(A quick post from a delightful Mathematical Association of Tasmania conference in Burnie.)
There is a tendency for students, as they progress though the year levels, to think that being ‘good’ at maths means doing it quickly in your head. I often catch myself saying ‘don’t try to do all the steps in your head; write something down so I can see what you are thinking’.
A barrier to writing is that students want it to be ‘perfect’ the first time. (This was a big obstacle for me during my PhD, the first time that I truly had to constantly draft and refine on a large scale.) I tell my students (especially research students) that the only way to ‘awesome’ for most mortal academics is through many crappy drafts. Writing — making notes of any kind — helps us to organise our thoughts, to see connections, to expose flaws. Mathematical writing helps us to start problems that, at first glance, seem difficult. One prompt when students don’t know what to do is to suggest ‘write down everything you know/notice about the problem’.
When I assign undergraduate mathematical projects, I deliberately ask students for draft writing accompanied by at least ten pages evidence of ideas that didn’t work, rough notes and diagrams, and other signs of mathematical exploration. I want my students to understand that writing is a valuable part of the mathematical thinking process, not just of presenting the finished product.
It’s also perhaps because mathematics is largely seen as a highly abstract, intellectual activity that students become to feel that the only acceptable way is to do it in their heads. Primary school classrooms are rich in hands-on mathematical experiences for students. For reasons I don’t understand, we gradually withdraw this powerful experience from our classrooms until in universities predominantly only pen-and-paper remain. When I take simple hands-on activities (for example, cut-and-match card sorting tasks) into typical mathematics tutorial classes, some students look at me in amazement. (That is another post.)
Mathematical manipulation of all types of objects is how we develop mathematical intuition. In Tracy Zager’s upcoming book she quotes mathematician Reuben Hersh: “Intuition…is the effect in the mind/brain of manipulating concrete objects — at a later stage, of making marks on paper, and still later, manipulating mental images. This experience leaves a trace, an effect, in the mind.”

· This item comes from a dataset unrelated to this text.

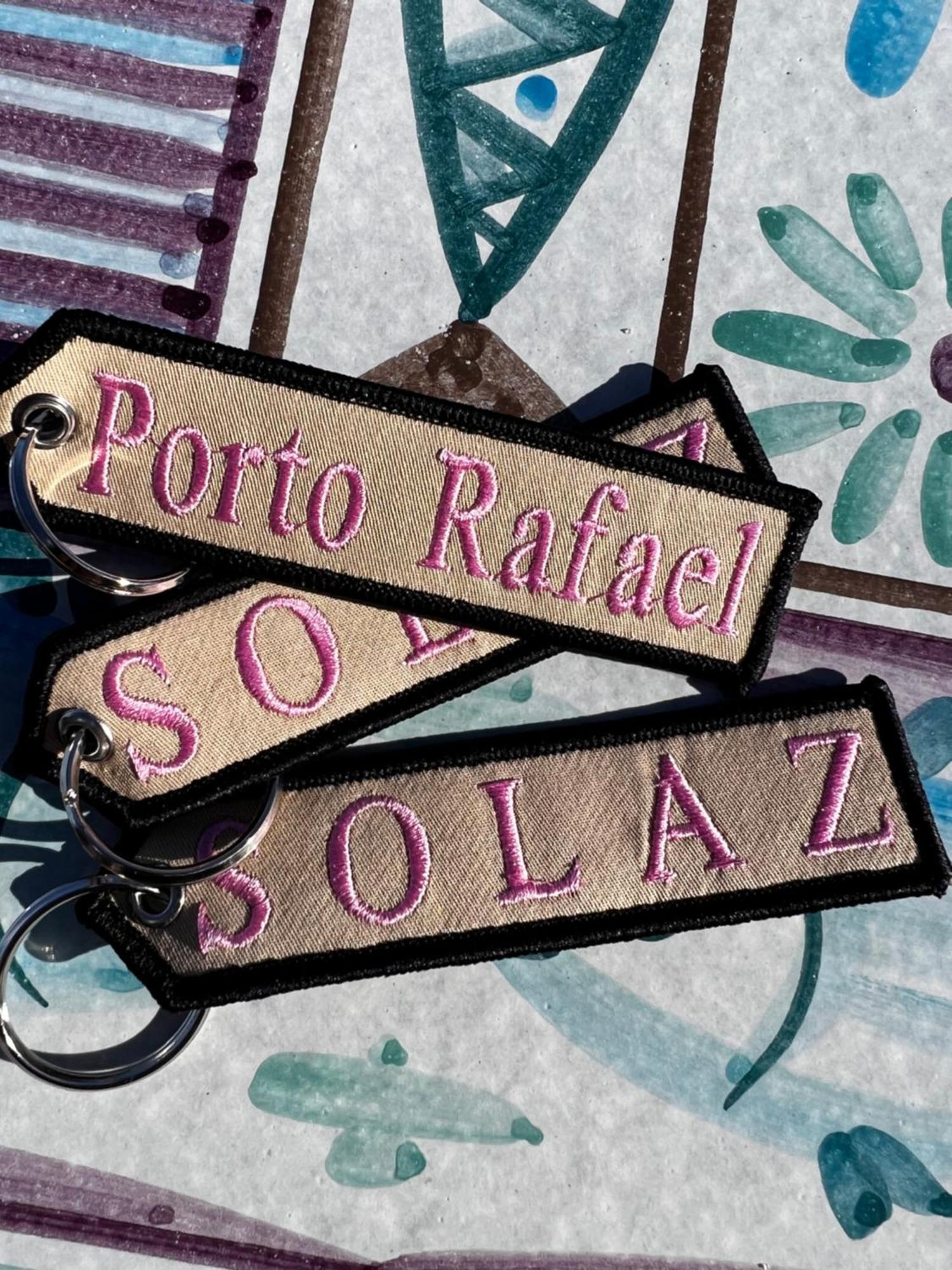 Boutique Hotel Solaz Porto Rafael Eksteriør bilde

Physical manipulation should not be restricted to the primary grades. One of the greatest mathematical minds of our time, Fields Medallist Terry Tao (from my hometown of Adelaide!), isn’t reluctant to explore mathematical ideas in a variety of ways (as the extract below from an article last year in Australia’s Sydney Morning Herald demonstrates):
Terry Tao recalls the day his aunt found him rolling around her living room floor in Melbourne with his eyes closed. He was about 23. He was trying to visualise a “mathematical transform”. “I was pretending I was the thing being transformed; it did work actually, I got some intuition from doing that.” His aunt is likely still puzzled. “Sometimes to understand something you just use whatever tools you have available.”
Of course, the title of the post is misleading; it’s not ‘head or hands’ it is ‘head and hands’. If one of the world’s leading mathematicians isn’t afraid to build intuition by rolling on the floor, then neither should the rest of us be!